Web page caption snippets:
::::::::
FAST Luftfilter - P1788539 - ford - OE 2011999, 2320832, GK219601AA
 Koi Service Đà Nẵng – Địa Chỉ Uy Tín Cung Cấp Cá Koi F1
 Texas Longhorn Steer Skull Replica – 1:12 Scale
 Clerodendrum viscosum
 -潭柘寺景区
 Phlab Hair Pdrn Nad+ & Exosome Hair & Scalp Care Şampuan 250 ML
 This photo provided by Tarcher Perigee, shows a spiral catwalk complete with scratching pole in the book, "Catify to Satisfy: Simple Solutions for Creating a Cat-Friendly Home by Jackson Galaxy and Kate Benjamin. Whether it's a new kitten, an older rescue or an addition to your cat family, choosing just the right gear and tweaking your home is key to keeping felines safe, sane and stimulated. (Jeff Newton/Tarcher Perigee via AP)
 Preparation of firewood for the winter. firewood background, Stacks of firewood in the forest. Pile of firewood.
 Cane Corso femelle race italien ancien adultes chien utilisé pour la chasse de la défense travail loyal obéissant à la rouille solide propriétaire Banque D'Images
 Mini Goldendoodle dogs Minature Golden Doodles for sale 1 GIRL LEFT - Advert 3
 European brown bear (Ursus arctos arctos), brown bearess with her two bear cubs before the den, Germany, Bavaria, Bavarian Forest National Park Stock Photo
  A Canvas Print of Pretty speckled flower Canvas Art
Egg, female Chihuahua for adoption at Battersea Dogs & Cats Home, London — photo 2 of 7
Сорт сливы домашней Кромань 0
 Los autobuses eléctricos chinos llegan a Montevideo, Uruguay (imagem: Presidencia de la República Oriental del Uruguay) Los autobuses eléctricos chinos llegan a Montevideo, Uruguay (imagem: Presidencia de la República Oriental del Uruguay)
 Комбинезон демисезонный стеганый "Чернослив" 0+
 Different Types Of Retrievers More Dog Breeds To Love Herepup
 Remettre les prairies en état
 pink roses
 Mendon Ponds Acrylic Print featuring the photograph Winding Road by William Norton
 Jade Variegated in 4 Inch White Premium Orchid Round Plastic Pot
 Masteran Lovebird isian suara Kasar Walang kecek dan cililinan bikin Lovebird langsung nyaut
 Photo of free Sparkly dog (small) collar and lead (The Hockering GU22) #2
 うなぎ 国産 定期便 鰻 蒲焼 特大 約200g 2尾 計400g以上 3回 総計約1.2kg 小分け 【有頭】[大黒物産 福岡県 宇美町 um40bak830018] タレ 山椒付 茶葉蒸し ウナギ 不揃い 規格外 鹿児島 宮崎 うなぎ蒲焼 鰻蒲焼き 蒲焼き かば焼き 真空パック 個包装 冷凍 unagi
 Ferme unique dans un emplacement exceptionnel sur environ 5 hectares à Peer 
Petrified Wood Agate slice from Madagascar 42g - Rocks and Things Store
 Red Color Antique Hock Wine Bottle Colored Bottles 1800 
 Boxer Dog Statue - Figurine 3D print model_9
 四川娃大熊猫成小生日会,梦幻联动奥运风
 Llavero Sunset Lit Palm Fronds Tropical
::::::::
WHAT THIS TASK INVOLVES: Please filter the entries above down to the lines holding "with" and copy them.

EXERCISE ANSWER:
 This photo provided by Tarcher Perigee, shows a spiral catwalk complete with scratching pole in the book, "Catify to Satisfy: Simple Solutions for Creating a Cat-Friendly Home by Jackson Galaxy and Kate Benjamin. Whether it's a new kitten, an older rescue or an addition to your cat family, choosing just the right gear and tweaking your home is key to keeping felines safe, sane and stimulated. (Jeff Newton/Tarcher Perigee via AP)
 European brown bear (Ursus arctos arctos), brown bearess with her two bear cubs before the den, Germany, Bavaria, Bavarian Forest National Park Stock Photo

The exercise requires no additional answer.